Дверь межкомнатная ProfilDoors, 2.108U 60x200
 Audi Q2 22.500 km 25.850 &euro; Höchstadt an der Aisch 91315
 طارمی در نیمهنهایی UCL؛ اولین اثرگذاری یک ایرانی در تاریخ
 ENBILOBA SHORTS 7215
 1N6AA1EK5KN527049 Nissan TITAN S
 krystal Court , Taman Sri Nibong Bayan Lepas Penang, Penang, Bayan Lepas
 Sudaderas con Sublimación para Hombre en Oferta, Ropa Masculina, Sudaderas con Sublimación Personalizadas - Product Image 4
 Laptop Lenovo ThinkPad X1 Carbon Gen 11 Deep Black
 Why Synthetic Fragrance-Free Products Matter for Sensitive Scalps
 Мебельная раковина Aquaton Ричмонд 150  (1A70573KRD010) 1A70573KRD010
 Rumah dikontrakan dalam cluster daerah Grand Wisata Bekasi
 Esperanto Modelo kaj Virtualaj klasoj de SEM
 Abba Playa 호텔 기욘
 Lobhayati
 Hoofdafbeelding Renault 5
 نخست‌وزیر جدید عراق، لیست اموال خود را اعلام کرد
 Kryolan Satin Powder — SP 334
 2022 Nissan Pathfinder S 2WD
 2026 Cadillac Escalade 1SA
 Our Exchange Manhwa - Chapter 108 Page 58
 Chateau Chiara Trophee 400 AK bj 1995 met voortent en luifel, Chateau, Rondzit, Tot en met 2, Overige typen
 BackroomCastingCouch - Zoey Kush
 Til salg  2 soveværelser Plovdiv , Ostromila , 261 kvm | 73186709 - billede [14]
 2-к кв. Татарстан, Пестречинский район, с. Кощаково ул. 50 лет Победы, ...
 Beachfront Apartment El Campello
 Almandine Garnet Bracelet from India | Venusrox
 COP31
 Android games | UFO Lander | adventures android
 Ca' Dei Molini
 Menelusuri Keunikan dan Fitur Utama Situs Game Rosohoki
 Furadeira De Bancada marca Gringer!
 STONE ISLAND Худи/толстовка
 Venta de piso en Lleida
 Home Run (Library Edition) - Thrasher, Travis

To do - Whenever the word "Nissan" shows up in a line of the entries, list that line.

Answer box -
 1N6AA1EK5KN527049 Nissan TITAN S
 2022 Nissan Pathfinder S 2WD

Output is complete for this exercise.